▸ PROBLEM REQUIREMENTS: Two lines mark the range in the entries below: the one holding "49 pieces puzzle" and the one holding "Sun Cream Vector Icon". Set down those two and all lines between them, exactly.

▸ EXERCISE MATERIALS:
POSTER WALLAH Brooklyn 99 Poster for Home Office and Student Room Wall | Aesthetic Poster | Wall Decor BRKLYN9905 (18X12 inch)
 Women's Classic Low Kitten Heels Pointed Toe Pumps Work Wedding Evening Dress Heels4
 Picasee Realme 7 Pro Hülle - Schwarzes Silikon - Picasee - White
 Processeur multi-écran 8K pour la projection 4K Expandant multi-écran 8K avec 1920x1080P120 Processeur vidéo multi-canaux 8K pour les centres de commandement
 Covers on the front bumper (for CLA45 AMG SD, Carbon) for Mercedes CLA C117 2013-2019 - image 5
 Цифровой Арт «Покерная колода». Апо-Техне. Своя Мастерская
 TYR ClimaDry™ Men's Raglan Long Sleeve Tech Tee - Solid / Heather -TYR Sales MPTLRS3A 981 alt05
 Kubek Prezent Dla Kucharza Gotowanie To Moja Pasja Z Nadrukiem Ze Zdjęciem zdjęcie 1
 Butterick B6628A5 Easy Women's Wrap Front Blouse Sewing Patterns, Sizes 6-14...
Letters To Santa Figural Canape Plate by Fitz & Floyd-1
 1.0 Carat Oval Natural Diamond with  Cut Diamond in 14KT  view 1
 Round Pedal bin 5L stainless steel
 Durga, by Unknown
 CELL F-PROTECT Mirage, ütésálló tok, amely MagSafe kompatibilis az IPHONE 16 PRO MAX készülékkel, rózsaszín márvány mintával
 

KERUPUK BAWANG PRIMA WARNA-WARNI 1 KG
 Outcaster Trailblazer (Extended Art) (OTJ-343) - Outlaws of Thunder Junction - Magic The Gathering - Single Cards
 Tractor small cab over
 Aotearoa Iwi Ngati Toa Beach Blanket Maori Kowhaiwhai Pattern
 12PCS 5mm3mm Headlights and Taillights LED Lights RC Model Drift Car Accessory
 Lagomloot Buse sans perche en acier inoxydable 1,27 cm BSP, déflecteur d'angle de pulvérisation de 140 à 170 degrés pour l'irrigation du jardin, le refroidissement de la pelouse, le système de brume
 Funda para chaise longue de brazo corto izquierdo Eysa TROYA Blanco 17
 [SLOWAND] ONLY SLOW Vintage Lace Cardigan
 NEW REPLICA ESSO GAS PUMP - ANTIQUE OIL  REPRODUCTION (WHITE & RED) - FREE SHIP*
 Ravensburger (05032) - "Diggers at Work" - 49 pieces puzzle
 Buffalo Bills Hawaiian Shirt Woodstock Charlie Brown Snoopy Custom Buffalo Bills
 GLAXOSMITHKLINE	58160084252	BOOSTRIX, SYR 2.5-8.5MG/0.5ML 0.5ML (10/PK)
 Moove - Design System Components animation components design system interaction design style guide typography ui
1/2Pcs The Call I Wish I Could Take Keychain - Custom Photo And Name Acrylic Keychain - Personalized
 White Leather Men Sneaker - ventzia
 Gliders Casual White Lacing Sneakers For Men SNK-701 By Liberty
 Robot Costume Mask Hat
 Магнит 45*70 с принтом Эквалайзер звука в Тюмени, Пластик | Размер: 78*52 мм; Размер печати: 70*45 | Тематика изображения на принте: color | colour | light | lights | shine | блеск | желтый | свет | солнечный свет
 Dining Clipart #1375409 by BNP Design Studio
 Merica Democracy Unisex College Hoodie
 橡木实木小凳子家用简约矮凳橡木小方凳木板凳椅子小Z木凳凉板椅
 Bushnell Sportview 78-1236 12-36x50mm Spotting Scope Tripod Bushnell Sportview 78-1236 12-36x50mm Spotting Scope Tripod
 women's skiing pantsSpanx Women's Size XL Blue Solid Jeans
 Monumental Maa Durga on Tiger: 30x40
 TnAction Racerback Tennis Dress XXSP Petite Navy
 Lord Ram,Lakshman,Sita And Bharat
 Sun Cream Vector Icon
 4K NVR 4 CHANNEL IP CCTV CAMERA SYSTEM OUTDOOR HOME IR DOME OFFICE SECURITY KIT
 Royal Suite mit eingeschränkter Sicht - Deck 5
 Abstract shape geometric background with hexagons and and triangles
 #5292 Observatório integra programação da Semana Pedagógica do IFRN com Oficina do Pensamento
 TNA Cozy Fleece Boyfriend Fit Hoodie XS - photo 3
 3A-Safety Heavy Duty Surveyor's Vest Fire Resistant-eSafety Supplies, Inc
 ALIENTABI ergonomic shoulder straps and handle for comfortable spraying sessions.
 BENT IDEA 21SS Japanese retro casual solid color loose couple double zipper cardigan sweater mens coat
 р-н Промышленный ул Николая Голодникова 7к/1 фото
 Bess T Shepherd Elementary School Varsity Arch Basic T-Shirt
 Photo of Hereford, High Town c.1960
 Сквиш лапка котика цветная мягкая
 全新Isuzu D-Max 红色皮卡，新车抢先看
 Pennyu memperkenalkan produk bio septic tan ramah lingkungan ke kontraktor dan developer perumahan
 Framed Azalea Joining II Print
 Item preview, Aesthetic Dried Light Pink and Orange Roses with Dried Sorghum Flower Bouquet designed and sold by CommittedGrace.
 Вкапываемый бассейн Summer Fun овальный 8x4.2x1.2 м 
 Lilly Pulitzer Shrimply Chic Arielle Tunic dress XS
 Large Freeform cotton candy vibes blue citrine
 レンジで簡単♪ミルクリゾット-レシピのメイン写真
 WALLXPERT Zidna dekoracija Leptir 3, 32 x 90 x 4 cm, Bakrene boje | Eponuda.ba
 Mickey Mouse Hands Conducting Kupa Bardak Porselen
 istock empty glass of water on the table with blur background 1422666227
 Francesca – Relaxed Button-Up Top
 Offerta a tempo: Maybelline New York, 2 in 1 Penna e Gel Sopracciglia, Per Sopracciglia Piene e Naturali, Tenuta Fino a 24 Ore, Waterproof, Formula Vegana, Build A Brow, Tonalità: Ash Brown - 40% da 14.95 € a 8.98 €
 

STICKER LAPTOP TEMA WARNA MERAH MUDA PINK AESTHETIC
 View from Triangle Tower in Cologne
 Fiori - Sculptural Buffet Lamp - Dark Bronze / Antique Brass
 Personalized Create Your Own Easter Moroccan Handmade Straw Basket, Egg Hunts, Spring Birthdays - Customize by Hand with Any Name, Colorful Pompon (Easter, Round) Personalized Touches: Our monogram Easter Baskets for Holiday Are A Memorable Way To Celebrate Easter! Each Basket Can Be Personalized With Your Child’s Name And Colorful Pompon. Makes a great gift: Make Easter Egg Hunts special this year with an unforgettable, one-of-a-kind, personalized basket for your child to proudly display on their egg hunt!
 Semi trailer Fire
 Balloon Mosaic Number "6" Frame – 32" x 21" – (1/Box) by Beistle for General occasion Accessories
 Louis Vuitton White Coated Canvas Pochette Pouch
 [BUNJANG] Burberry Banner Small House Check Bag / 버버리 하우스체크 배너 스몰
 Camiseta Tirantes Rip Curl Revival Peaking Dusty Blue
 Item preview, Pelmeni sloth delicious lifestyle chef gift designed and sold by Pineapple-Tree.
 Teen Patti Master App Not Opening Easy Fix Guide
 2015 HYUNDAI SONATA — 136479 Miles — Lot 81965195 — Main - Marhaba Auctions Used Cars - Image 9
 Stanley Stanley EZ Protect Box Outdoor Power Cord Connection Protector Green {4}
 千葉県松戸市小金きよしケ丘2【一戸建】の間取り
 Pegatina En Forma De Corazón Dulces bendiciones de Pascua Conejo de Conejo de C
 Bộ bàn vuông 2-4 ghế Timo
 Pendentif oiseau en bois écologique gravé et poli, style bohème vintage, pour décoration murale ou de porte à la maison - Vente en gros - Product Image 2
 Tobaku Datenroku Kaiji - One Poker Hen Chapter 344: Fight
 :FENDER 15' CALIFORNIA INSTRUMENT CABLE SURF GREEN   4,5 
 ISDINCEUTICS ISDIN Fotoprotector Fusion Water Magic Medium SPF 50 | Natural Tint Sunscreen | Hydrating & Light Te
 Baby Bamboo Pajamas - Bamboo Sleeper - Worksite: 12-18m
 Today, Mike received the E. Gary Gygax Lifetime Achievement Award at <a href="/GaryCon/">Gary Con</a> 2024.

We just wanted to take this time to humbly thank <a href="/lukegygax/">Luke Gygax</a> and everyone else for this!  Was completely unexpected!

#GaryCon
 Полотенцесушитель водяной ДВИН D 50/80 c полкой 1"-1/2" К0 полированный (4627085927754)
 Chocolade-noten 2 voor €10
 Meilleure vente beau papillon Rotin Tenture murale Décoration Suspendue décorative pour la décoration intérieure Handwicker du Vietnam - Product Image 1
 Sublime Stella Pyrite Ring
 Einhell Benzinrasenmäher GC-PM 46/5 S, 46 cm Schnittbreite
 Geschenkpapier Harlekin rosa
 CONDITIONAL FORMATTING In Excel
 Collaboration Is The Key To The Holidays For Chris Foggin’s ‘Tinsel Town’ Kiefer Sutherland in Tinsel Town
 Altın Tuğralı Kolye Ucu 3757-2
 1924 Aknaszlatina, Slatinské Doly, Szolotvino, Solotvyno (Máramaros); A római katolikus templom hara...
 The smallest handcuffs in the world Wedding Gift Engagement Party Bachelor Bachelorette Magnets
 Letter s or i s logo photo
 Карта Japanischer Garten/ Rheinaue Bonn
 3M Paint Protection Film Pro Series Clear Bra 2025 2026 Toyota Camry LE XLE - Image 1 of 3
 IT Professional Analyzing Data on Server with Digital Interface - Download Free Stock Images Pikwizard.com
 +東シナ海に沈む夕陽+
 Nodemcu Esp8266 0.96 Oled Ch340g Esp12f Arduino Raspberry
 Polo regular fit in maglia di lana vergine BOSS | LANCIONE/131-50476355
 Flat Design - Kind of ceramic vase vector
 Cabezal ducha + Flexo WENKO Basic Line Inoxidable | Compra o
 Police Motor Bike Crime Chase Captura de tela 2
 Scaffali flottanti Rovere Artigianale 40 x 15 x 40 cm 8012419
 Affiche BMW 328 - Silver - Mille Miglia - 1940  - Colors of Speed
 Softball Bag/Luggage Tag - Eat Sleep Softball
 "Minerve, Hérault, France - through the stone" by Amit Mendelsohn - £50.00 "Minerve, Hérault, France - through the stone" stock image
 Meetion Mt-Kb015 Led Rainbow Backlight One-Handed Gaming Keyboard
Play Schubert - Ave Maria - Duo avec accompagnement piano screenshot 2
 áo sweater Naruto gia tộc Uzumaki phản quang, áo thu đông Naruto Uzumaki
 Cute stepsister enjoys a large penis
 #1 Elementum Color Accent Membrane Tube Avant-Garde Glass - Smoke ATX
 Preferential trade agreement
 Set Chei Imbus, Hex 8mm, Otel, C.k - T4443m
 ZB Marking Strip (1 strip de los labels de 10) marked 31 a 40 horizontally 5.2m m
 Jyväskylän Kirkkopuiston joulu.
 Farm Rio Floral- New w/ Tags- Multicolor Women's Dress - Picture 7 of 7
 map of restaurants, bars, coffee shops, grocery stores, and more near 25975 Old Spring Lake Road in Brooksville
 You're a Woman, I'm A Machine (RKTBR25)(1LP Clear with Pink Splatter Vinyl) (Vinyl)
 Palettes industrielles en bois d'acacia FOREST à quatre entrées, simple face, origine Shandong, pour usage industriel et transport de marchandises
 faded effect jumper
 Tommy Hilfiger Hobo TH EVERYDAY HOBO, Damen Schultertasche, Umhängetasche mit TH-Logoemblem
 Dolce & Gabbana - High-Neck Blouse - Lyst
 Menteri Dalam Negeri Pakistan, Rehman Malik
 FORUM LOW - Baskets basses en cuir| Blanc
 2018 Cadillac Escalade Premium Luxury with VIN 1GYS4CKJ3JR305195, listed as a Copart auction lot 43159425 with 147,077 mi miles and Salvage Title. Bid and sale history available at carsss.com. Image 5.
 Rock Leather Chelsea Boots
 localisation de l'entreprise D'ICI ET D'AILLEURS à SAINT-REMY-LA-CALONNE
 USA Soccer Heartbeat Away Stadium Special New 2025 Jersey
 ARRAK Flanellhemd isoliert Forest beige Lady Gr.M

▸ REPLY:
 Ravensburger (05032) - "Diggers at Work" - 49 pieces puzzle
 Buffalo Bills Hawaiian Shirt Woodstock Charlie Brown Snoopy Custom Buffalo Bills
 GLAXOSMITHKLINE	58160084252	BOOSTRIX, SYR 2.5-8.5MG/0.5ML 0.5ML (10/PK)
 Moove - Design System Components animation components design system interaction design style guide typography ui
1/2Pcs The Call I Wish I Could Take Keychain - Custom Photo And Name Acrylic Keychain - Personalized
 White Leather Men Sneaker - ventzia
 Gliders Casual White Lacing Sneakers For Men SNK-701 By Liberty
 Robot Costume Mask Hat
 Магнит 45*70 с принтом Эквалайзер звука в Тюмени, Пластик | Размер: 78*52 мм; Размер печати: 70*45 | Тематика изображения на принте: color | colour | light | lights | shine | блеск | желтый | свет | солнечный свет
 Dining Clipart #1375409 by BNP Design Studio
 Merica Democracy Unisex College Hoodie
 橡木实木小凳子家用简约矮凳橡木小方凳木板凳椅子小Z木凳凉板椅
 Bushnell Sportview 78-1236 12-36x50mm Spotting Scope Tripod Bushnell Sportview 78-1236 12-36x50mm Spotting Scope Tripod
 women's skiing pantsSpanx Women's Size XL Blue Solid Jeans
 Monumental Maa Durga on Tiger: 30x40
 TnAction Racerback Tennis Dress XXSP Petite Navy
 Lord Ram,Lakshman,Sita And Bharat
 Sun Cream Vector Icon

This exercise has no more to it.